Top Democrat Nancy Pelosi is so unconvinced by President Donald Trump's reasons for killing Iranian general Qassem Soleimani that she announced on Wednesday the House of Representatives will vote on a War Powers resolution aimed at limiting the president's power to strike Iran.

After a briefing by the Trump administration on its rationale for killing Soleimani, House Speaker Pelosi said that her "concerns were not addressed" as to what the strategy was to keep Americans safe in the aftermath of recent escalations.

"The Administration must work with the Congress to advance an immediate, effective de-escalatory strategy that prevents further violence," Pelosi said in a statement on Wednesday. "America and the world cannot afford war."

The bill will be moved to the floor of the House on Thursday, Pelosi said.

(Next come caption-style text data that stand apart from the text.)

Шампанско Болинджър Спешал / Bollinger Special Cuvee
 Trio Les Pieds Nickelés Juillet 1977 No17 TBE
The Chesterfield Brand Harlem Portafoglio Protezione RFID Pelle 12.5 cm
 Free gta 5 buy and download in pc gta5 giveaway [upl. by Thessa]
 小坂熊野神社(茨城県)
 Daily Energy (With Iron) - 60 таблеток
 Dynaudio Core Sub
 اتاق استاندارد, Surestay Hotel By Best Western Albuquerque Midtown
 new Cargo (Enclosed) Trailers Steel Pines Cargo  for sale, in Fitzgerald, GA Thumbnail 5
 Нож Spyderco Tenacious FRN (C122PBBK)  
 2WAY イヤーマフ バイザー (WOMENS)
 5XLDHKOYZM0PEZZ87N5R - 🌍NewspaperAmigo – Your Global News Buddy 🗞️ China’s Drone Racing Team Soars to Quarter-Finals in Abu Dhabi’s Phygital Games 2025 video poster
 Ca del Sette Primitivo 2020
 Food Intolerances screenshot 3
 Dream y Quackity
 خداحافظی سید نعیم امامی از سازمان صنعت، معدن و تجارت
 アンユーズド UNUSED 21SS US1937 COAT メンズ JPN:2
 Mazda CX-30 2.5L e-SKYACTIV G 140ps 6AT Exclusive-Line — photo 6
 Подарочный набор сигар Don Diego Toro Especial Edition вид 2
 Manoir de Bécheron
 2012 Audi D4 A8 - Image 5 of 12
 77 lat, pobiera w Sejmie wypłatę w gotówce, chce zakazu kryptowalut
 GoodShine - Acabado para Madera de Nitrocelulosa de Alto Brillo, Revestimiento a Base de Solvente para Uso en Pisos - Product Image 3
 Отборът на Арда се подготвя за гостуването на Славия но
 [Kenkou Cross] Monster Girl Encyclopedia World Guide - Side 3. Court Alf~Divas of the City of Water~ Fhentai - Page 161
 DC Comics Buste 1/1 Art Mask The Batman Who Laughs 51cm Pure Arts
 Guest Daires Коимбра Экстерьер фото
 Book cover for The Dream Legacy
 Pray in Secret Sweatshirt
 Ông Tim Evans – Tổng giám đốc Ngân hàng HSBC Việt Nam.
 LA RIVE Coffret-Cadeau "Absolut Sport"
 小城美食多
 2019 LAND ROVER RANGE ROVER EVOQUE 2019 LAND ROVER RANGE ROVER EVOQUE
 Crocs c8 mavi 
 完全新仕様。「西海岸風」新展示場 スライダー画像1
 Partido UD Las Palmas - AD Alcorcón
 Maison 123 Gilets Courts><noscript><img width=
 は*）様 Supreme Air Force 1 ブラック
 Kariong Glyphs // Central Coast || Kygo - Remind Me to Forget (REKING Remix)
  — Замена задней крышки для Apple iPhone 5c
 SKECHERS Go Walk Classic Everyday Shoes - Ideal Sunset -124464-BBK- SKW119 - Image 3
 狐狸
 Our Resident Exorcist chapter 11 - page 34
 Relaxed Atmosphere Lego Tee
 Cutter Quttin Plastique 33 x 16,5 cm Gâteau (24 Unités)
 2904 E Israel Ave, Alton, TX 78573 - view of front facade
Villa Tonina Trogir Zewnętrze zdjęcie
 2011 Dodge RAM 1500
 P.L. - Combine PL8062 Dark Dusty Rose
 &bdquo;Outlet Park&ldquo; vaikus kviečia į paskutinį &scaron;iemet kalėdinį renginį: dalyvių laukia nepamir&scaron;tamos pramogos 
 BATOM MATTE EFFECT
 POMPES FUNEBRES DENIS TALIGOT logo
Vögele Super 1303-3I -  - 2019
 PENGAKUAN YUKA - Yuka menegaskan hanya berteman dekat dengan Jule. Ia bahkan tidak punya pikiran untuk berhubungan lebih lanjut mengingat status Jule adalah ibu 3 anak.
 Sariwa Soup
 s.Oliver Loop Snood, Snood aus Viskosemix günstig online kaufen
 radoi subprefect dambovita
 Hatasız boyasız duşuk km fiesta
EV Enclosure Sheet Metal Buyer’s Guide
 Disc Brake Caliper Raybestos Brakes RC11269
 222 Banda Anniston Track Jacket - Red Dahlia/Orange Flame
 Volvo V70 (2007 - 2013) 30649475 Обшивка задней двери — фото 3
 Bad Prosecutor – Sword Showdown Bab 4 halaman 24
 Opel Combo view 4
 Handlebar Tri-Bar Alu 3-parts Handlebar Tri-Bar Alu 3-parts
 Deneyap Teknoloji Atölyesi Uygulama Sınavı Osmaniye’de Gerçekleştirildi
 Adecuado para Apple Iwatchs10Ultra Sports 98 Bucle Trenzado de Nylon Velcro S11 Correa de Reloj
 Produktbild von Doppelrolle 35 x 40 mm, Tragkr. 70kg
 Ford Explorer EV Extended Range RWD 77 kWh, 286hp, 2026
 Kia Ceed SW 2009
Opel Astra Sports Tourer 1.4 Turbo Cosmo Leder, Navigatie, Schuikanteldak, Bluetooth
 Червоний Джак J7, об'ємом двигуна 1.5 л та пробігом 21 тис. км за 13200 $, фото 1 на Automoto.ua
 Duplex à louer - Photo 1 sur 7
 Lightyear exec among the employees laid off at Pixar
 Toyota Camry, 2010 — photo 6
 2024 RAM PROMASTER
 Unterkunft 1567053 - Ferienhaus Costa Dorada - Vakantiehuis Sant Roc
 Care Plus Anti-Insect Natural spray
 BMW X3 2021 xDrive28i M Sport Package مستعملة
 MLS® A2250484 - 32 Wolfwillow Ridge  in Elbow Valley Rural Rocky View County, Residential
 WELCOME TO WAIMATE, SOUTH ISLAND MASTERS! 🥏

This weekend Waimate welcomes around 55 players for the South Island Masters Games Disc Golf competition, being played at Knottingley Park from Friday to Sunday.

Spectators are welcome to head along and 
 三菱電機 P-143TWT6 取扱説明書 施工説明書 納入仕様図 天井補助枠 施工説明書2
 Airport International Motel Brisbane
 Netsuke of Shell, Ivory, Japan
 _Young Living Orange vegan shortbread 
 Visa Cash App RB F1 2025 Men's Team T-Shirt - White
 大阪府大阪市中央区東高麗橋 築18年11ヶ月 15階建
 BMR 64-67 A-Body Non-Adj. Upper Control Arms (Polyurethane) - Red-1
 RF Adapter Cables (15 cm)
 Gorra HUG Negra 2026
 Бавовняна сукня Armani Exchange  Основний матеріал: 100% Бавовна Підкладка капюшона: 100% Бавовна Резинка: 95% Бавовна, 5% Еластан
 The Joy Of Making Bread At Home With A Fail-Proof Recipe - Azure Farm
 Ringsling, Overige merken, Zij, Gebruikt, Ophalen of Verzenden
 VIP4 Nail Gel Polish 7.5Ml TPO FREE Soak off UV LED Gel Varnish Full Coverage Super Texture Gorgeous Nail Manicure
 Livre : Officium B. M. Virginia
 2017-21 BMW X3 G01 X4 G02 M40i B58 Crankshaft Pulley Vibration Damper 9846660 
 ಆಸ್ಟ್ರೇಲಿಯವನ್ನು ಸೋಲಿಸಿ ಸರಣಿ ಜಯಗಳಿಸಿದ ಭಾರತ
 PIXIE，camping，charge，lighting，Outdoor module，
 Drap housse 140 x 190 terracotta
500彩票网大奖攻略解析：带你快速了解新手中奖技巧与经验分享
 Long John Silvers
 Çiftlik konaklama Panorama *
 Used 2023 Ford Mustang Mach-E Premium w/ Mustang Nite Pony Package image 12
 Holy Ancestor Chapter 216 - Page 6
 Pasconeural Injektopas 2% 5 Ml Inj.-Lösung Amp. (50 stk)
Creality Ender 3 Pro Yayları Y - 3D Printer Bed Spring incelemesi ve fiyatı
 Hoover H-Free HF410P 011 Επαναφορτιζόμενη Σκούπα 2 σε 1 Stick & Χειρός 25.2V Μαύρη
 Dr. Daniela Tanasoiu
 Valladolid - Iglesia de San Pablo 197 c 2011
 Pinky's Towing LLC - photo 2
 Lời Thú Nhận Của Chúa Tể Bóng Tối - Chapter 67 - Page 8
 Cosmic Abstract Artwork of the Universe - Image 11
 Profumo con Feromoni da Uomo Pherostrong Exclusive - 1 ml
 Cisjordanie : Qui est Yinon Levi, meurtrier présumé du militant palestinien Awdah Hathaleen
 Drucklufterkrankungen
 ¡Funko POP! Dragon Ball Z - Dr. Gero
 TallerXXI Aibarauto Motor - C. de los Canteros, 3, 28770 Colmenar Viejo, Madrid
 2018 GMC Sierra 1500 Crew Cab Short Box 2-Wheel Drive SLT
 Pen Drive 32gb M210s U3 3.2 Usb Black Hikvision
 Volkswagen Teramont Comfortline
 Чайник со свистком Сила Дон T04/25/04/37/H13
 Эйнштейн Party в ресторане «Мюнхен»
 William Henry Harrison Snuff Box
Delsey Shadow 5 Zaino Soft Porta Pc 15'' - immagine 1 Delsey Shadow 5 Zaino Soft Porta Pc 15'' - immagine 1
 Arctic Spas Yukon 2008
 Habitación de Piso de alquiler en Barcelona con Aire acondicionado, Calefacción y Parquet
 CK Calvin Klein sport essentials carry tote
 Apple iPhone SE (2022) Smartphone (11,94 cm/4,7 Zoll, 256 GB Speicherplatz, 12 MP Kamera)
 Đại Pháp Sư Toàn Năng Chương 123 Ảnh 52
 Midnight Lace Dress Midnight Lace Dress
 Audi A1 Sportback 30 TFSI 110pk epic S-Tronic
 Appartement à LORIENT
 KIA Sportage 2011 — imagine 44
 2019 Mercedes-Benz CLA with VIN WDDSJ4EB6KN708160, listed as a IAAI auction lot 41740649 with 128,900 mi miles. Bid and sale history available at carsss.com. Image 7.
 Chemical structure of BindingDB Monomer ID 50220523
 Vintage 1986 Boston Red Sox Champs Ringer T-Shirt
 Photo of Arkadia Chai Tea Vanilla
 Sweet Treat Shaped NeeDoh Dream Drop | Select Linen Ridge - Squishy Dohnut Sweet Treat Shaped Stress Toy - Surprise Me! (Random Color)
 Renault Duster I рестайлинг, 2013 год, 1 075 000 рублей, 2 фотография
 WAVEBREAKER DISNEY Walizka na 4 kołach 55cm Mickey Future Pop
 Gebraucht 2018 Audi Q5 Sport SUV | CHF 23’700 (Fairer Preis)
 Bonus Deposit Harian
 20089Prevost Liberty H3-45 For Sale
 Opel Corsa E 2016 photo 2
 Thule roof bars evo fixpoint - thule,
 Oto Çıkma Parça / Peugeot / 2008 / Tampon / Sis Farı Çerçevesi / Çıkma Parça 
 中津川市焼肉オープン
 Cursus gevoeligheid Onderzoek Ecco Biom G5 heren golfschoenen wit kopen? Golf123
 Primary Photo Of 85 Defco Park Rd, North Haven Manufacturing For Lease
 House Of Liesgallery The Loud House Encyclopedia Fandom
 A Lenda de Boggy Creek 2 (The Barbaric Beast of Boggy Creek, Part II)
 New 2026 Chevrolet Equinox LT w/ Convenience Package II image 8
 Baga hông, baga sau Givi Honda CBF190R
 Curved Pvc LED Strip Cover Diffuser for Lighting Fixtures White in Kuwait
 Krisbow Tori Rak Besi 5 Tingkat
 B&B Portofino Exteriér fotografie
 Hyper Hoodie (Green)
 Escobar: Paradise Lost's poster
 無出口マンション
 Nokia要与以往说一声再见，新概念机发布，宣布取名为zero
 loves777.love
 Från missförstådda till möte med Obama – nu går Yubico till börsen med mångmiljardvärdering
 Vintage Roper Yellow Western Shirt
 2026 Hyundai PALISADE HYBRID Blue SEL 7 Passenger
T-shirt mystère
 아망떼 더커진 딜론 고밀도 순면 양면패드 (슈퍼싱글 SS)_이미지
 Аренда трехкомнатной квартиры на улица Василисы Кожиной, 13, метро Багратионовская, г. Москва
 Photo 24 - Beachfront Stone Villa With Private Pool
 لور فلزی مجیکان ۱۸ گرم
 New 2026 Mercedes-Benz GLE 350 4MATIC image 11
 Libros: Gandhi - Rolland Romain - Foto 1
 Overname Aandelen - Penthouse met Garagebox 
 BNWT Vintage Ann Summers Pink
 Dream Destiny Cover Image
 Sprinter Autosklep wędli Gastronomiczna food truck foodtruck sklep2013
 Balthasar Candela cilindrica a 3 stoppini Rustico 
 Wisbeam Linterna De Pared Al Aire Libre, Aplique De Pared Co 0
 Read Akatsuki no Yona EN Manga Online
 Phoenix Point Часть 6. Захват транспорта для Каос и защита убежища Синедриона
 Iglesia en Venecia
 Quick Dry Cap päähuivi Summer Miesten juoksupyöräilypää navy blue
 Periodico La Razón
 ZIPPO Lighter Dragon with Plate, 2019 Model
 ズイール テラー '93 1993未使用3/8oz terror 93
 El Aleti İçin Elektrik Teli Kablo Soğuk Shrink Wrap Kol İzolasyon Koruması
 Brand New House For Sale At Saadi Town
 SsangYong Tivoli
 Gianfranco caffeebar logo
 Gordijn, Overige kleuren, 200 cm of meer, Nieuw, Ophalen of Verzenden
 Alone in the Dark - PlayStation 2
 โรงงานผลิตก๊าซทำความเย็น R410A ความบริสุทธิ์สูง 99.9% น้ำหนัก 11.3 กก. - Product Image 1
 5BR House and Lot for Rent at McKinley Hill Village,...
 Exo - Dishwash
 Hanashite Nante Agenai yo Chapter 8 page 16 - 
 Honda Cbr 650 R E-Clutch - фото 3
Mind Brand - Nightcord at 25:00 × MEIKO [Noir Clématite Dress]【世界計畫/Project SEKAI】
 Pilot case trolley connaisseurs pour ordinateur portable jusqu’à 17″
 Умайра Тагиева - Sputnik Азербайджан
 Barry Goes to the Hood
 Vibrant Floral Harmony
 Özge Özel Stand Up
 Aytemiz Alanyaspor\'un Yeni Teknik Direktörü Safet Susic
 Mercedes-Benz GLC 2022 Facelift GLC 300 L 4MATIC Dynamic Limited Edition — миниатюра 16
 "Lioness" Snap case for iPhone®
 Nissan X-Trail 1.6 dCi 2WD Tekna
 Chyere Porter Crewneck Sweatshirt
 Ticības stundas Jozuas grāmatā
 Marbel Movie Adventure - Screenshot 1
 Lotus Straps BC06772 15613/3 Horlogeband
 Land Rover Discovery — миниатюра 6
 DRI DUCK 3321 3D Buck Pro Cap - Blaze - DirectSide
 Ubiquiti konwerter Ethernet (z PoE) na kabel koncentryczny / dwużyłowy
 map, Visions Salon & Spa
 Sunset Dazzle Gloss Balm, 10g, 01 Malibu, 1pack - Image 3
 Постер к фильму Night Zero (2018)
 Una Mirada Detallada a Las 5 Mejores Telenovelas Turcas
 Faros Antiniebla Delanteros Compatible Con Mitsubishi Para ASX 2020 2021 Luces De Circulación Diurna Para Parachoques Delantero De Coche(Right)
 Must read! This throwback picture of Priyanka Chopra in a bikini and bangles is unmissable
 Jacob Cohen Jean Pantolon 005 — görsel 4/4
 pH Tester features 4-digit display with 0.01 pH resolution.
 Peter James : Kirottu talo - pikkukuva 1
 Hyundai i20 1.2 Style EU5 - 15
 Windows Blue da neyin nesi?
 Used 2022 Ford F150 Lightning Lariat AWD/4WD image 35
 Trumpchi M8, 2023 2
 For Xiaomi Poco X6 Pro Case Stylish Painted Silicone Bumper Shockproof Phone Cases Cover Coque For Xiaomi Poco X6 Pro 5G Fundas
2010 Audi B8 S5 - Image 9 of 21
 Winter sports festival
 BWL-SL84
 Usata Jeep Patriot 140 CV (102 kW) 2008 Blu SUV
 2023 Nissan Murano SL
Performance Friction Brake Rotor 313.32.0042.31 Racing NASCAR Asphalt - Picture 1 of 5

The Trump administration has tried to satisfy questions about the strategy behind the killing by arguing that Soleimani was in Iraq to plan attacks against Americans in the region and that the strike was an urgent measure to save lives.

On Wednesday, intelligence officials from the administration gave a briefing to Congress behind closed doors stressing that point. Still, many Democrats emerged from the hearing even more sceptical about the White House's argument that a threat was looming.

"We're told it was an imminent threat. I'm not sure I'm convinced about that," said Democratic Congressman Eliot Engel, who chairs the House Foreign Affairs Committee.

"Look, the person we took out was no sweetheart. I was no fan of his, and I'm no fan of the Iranian regime. The question is, do we want to get sucked into another war? For the past 20 years or so, we've been preoccupied with war after war, and I'm not convinced this is any different."

The Trump administration has been stressing that killing Soleimani was a defensive move rather than an escalatory step against Iran.

"In recent days, he was planning new attacks on American targets. But we stopped him," Trump said in a speech earlier on Wednesday.

AUMF

Legislators were told on Friday that Trump used the 2002 military authorisation to invade Iraq as legal grounds to kill Soleimani in Baghdad without congressional authorisation.

In 2001, Congress swiftly passed the Authorization for Use of Military Force (AUMF), granting then-President George Bush broad authority to go after the perpetrators of the September 11 attacks on US soil. A year later, Congress passed another AUMF de facto approving the war on Iraq.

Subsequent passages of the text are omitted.